All extractors implement BaseExtractor:

class BaseExtractor:
    def extract(
        self,
        pages: Sequence[int] | None = None,
        max_workers: int = 1,
        executor: ExecutorType = ExecutorType.THREAD,
        **kwargs,
    ) -> ExtractionResult: ...

    async def extract_async(
        self,
        pages: Sequence[int] | None = None,
        max_workers: int = 1,
        **kwargs,
    ) -> ExtractionResult: ...

    def extract_page(self, page: int, **kwargs) -> PageExtractionResult: ...

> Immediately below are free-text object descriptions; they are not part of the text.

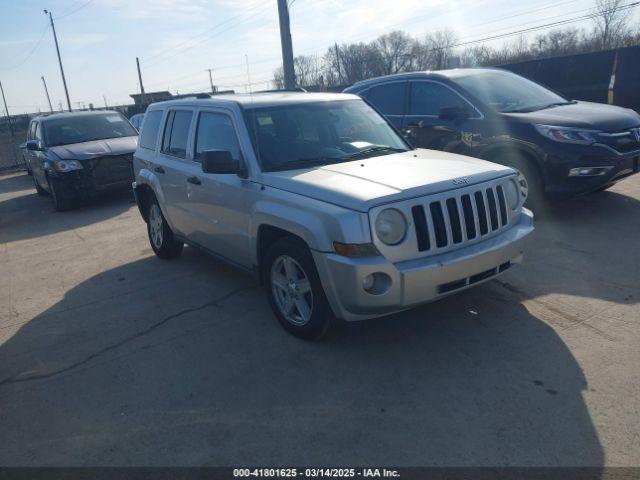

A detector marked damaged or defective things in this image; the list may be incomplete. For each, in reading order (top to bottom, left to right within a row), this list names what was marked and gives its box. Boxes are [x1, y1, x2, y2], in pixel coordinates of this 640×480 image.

cracked pavement [0, 172, 636, 464]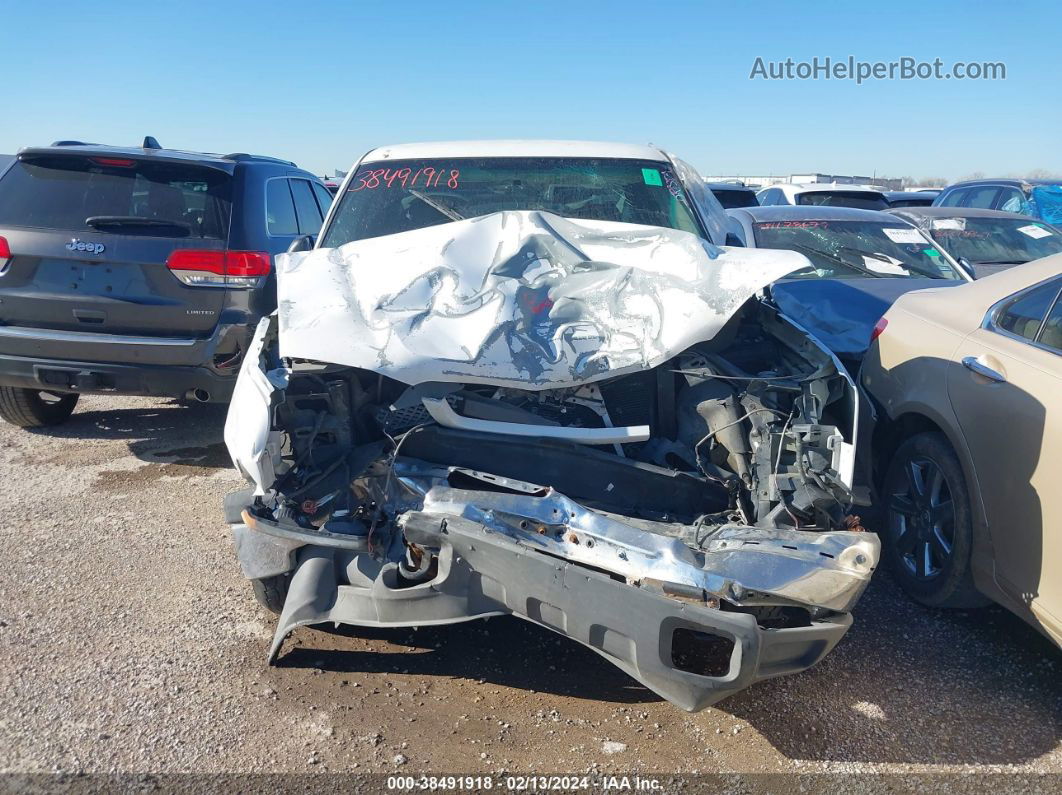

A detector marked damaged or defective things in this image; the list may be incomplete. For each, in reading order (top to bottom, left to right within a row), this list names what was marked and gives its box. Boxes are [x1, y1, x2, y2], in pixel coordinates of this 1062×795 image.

crumpled hood [273, 208, 802, 388]
crumpled hood [773, 273, 964, 358]
damaged front end [224, 214, 879, 709]
torn plastic bumper cover [228, 462, 875, 709]
shattered front bumper [226, 486, 879, 709]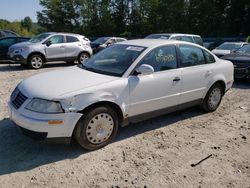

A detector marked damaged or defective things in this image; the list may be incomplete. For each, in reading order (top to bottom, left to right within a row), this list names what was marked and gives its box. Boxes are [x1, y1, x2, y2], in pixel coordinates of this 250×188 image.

damaged white car [8, 39, 234, 150]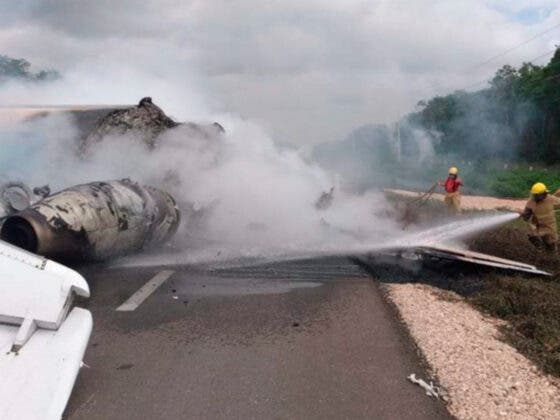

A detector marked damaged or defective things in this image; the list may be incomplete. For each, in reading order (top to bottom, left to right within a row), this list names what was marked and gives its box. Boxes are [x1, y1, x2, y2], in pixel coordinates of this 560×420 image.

broken aircraft part [0, 179, 179, 260]
charred fuselage [0, 179, 179, 260]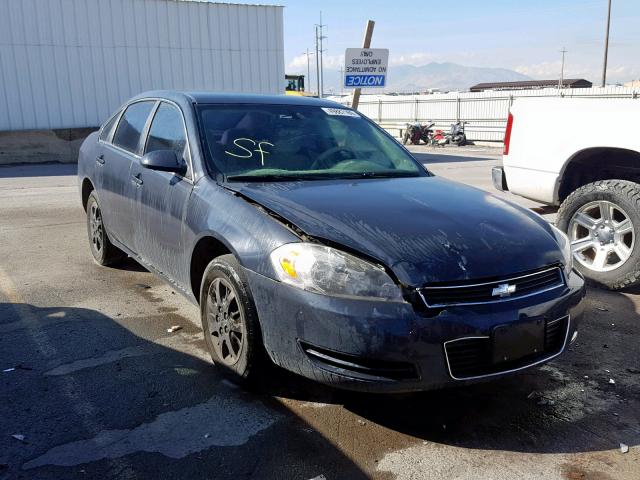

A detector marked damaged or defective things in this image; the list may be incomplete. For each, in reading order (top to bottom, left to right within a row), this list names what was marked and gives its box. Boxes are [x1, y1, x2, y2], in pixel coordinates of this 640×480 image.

damaged front bumper [245, 268, 584, 392]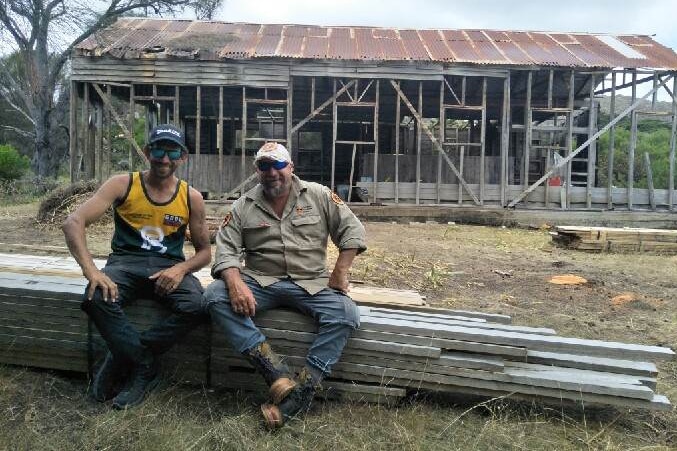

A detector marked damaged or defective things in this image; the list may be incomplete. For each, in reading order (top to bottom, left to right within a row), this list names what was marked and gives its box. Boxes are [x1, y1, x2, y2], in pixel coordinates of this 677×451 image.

rusty corrugated iron roof [72, 17, 676, 69]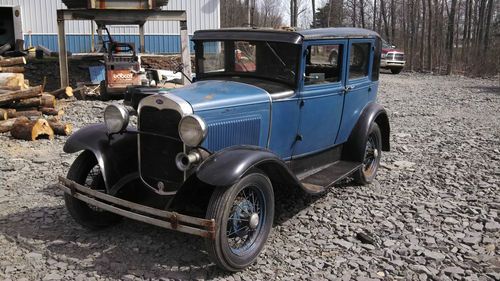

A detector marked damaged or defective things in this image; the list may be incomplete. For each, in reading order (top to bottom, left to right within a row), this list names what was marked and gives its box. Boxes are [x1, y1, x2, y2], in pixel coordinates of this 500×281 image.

rusty bumper [56, 175, 215, 238]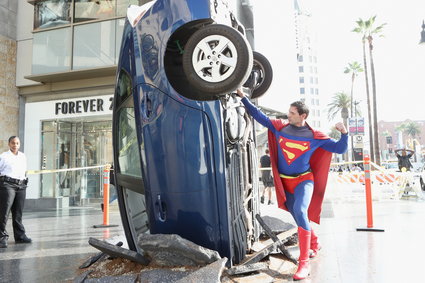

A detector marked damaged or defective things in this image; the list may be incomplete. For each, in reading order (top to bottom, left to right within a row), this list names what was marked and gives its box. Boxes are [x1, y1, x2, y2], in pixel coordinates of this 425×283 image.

broken concrete [88, 239, 149, 268]
broken concrete [137, 234, 220, 268]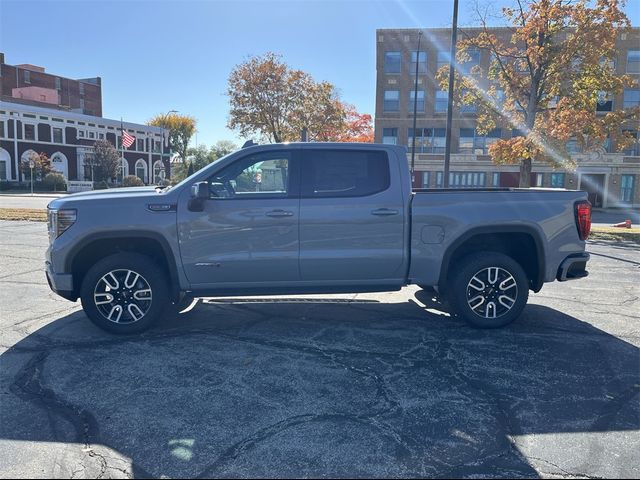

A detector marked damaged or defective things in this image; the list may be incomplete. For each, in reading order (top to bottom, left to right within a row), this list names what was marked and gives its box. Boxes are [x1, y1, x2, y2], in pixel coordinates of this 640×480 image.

cracked pavement [0, 219, 636, 478]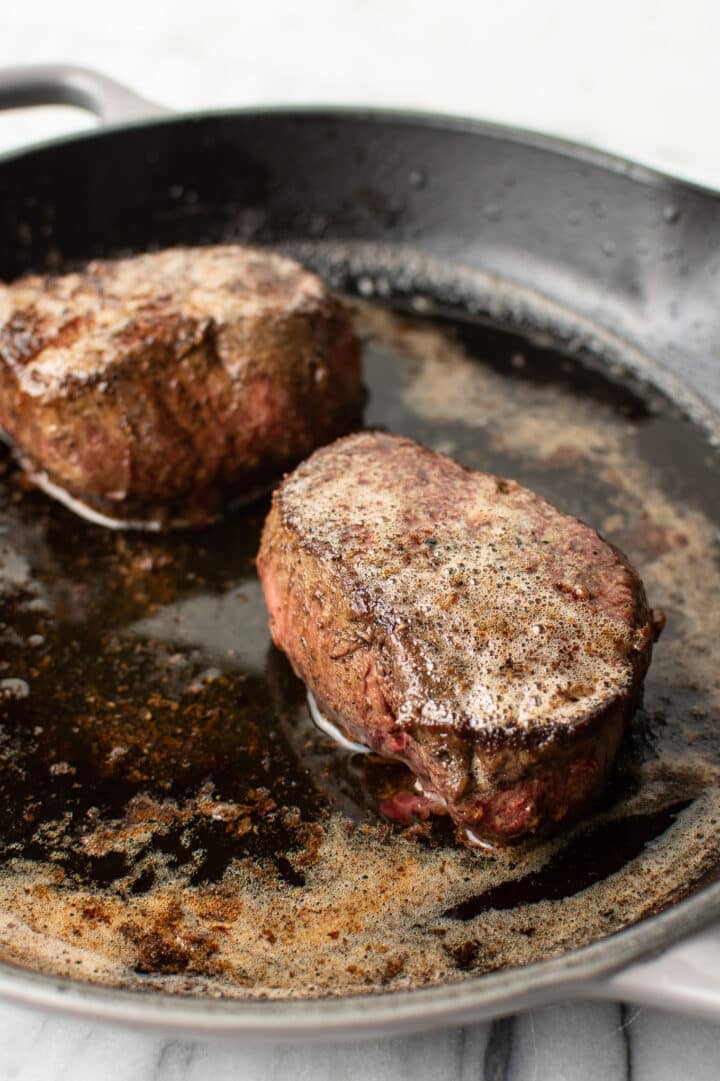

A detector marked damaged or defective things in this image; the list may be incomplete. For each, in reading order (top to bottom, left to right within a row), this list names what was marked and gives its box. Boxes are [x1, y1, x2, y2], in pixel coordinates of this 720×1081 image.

burnt specks in pan [0, 302, 717, 994]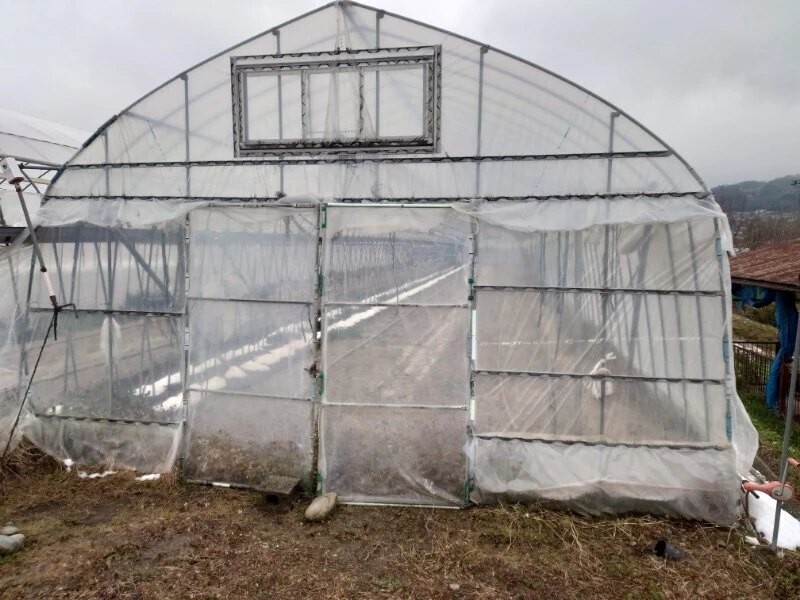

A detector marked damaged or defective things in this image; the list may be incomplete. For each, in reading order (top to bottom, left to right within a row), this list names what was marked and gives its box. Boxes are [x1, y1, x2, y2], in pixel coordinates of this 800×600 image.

rusty metal roof [732, 238, 800, 292]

    def get_page_count(self) -> int: ...

    def close(self) -> None: ...

Thread Safety

PDF Extractor

The PDF extractor uses pypdfium2, which is not thread-safe. To enable parallel page extraction, PdfExtractor uses an internal threading.Lock per instance:

class PdfExtractor:
    def __init__(self, ...):
        self._lock = threading.Lock()

    def extract_page(self, page: int, ...):
        with self._lock:
            pdf_page = self._pdf[page]
            # ... extraction logic

This means:

  • Thread executor works - Multiple threads can call extract_page() on the same extractor instance; the lock serializes PDF access
  • Process executor duplicates - Each process gets its own PdfExtractor instance with its own PDF handle
  • Single extractor, multiple threads - Safe due to internal locking

OCR Extractors

OCR extractors have varying thread-safety characteristics:

Extractor Thread-Safe Notes
EasyOCR Yes Model shared across threads
Tesseract Yes Subprocess-based
PaddleOCR Yes Model shared across threads
Azure DI Yes HTTP client is thread-safe
Google DocAI Yes gRPC client is thread-safe

LLM Extractors

All LLM extractors are thread-safe as they use HTTP/gRPC clients that handle concurrent requests properly.

Coordinate System

All coordinates flow through a conversion pipeline:

Native Unit → Points → Output Unit
  • PDF uses points natively
  • OCR uses pixels natively (at specified DPI)
  • Cloud APIs may use normalized coordinates

The CoordinateConverter handles all conversions.